De Argelia procedía la primera gran masa migratoria. Muy poco problemática, a pesar de la dureza del conflicto que la obligó a cambiar de tierra. Los musulmanes recién llegados a Francia apostaron todo en sus vidas a alcanzar la plena ciudadanía francesa. Sus hijos se descubrieron, un decenio después, al tiempo integrados y guetizados. Y, poco a poco, sus barrios se trocaron en pequeñas –y luego no tan pequeñas– ciudades norteafricanas. Pasear por Saint-Denis, que, en las afueras de París, fue el corazón de la Francia que alza en lo alto de su colina la más bella de sus basílicas y la más constructora de identidad nacional, generaba esta impresión extraña:

St-Denis: una ciudad norteafricana, de población musulmana y presidida por el símbolo de la cristiandad francesa una común ciudad norteafricana, de población homogéneamente musulmana y presidida por el símbolo de la cristiandad francesa. Esa extrañeza me golpeó cuando, en 2015, el ABC de Bieito Rubido me envió allí, pocas horas después de que la gendarmería tomase al asalto el piso franco de los asesinos del Bataclan.

La «tercera generación», la de los hijos de los hijos, rompió con todo. Asistí –y aun lo recuerdo con estupor– al mitin que selló esa ruptura. Al cierre de la marcha «Convergence 84». Cuando el manifiesto de los jóvenes musulmanes ante las organizaciones antirracistas que habían promovido y financiado el evento se hizo inequívoco: no, no habéis entendido nada; no queremos vuestra democracia francesa; queremos el retorno a la fe y las costumbres de nuestros antepasados.

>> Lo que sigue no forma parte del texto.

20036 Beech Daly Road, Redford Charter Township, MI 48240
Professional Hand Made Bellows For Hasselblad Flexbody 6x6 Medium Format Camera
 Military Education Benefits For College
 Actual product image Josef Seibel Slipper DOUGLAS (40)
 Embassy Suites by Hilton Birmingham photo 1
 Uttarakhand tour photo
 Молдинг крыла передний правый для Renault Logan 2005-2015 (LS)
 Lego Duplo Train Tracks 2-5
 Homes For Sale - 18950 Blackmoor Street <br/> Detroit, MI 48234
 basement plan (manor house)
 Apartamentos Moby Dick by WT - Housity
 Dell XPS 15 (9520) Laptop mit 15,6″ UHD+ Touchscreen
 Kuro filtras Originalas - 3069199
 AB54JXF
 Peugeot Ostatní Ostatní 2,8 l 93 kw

Pero construir una nación dentro de otra requiere, al menos, tres infraestructuras: ideológica, económica y armada. El islamismo más radical configuró la primera: y fueron islamistas franceses los que con más crueldad actuaron en su feudo sirio de Raqqa durante la guerra del Daesh en Iraq y Siria; después, derrotados allí, retornaron a sus guetos franceses y continuaron la lucha. La segunda, la económica, tuvo su base en las grandes mafias de la droga: de Marsella a París, a Lyon, a todas las grandes capitales, el narcotráfico quedó simbiotizado con el islamismo radical, dando origen a unos grados de violencia intercomunitaria hasta entonces inimaginables. En cuanto a las armas: la gendarmería francesa lleva muchos años haciendo pública su incapacidad para entrar en zonas urbanas que controlan mercenarios dotados de armamento militar muy superior al de las fuerzas del orden. Los franceses llaman a eso la «salvajización» de sus suburbios. Eso viene pasando desde los años noventa.

Manouchian fue, en 1944, un héroe de la patria francesa. Merzouk, en 2023, un aprendiz de pandillero. El sueño de la integración se esfumó para siempre. Y, con él, puede que acabe por esfumarse el Estado. Todo va a ir a peor. Nadie lo dude. Y no, no es París lo que arde. Es nuestra Europa.